Return the data that follows exactly as it appears. Pictures do not belong in the copy.
[LISTED RECORDS Boundary: Start]
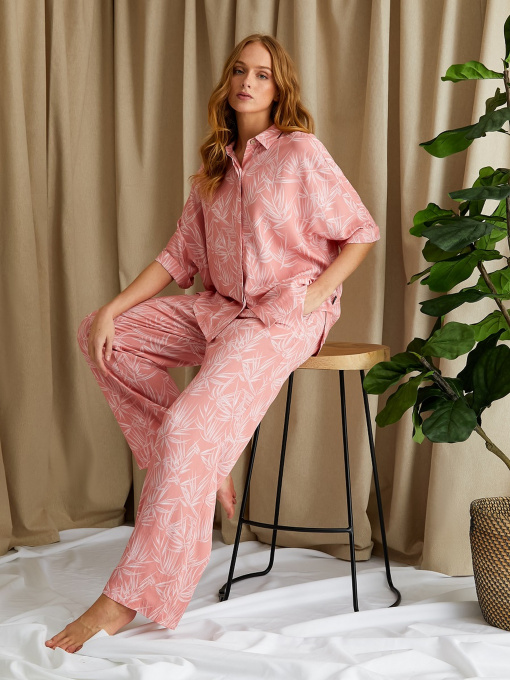 Піжама Pretty You London Printed Studio модель Printed-Studio-Long Фото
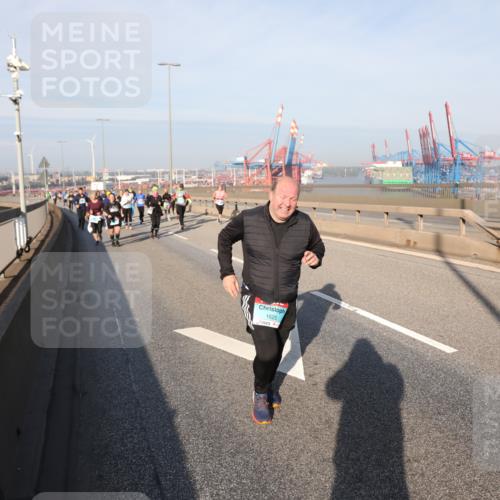 03.10.2025 - Köhlbrandbrückenlauf Yannick Fuchs http://msf.ph/oto/9182148 03.10.2025 08:59:12 Position 2 1625 meine-sportfotos.de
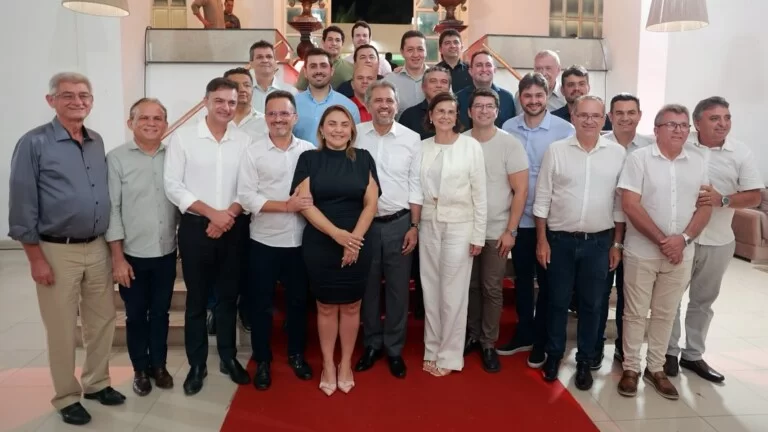 Prefeito Glêdson Bezerra janta com governador Elmano em meio a especulações sobre 2026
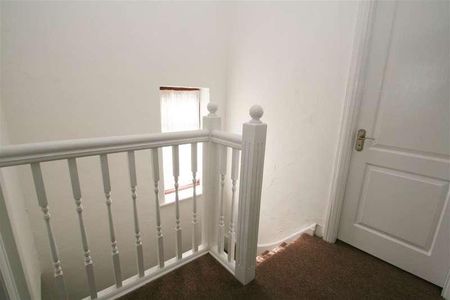 South Hayes, UB3 - Photo 3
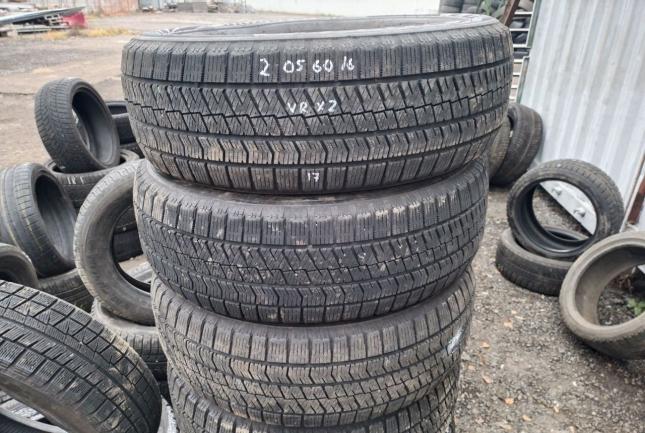 Bridgestone Blizzak VRX2 205/60 R16 92Q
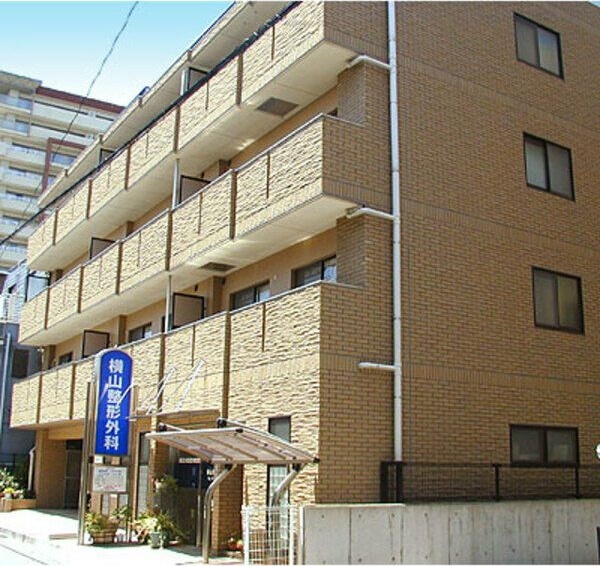 西宮市甲東園１丁目の賃貸マンションの外観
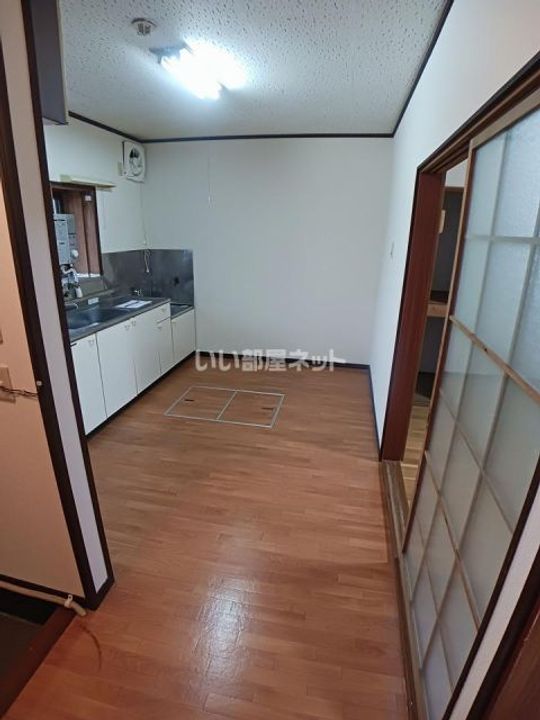 新潟県上越市東城町1(アパート)の賃貸物件の居間
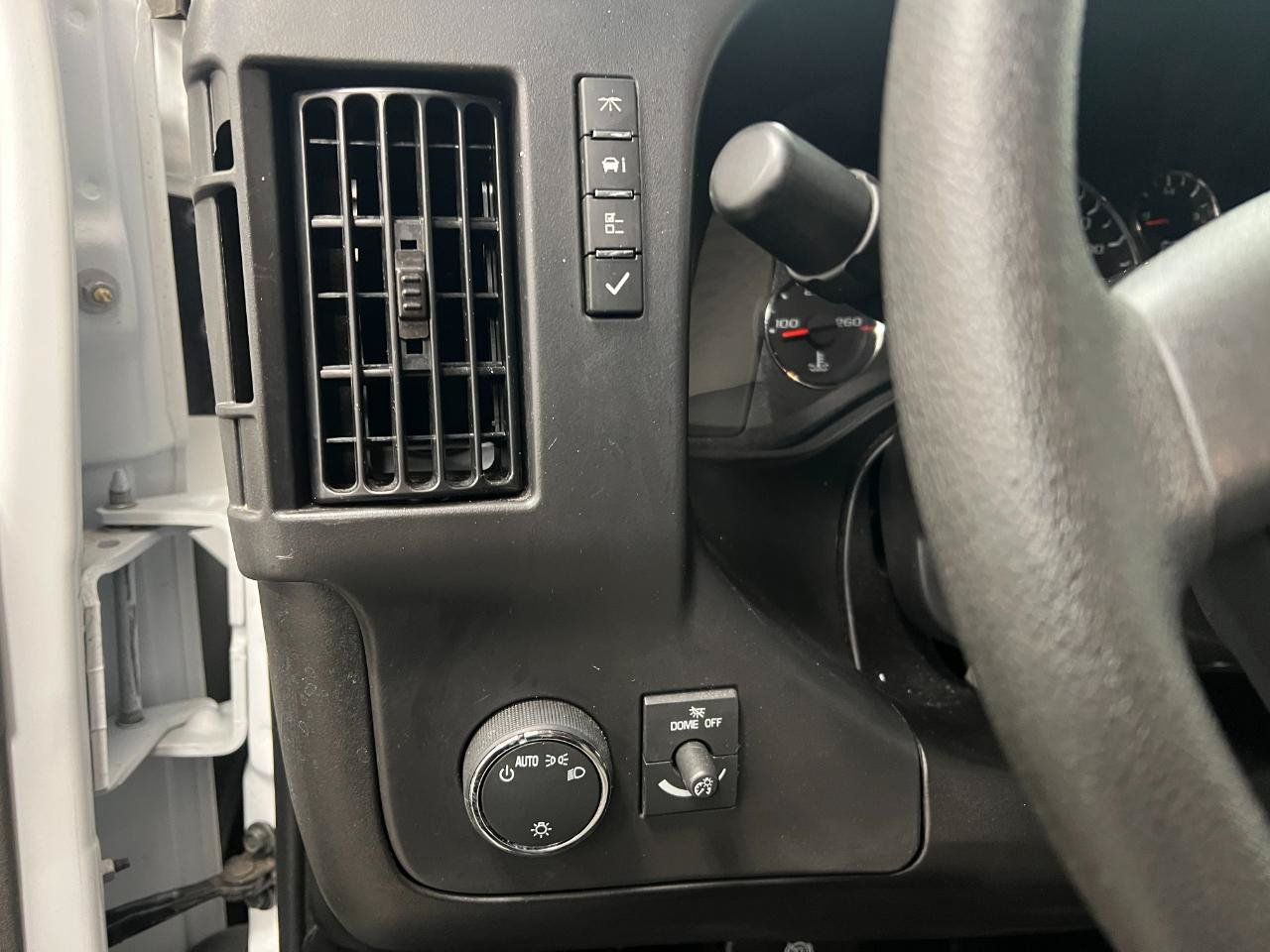 Used 2025 Chevrolet Express 3500 LT w/ LT Preferred Equipment Group RWD image 34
[LISTED RECORDS Boundary: End]
» ANSWER SPACE
 Піжама Pretty You London Printed Studio модель Printed-Studio-Long Фото
 03.10.2025 - Köhlbrandbrückenlauf Yannick Fuchs http://msf.ph/oto/9182148 03.10.2025 08:59:12 Position 2 1625 meine-sportfotos.de
 Prefeito Glêdson Bezerra janta com governador Elmano em meio a especulações sobre 2026
 South Hayes, UB3 - Photo 3
 Bridgestone Blizzak VRX2 205/60 R16 92Q
 西宮市甲東園１丁目の賃貸マンションの外観
 新潟県上越市東城町1(アパート)の賃貸物件の居間
 Used 2025 Chevrolet Express 3500 LT w/ LT Preferred Equipment Group RWD image 34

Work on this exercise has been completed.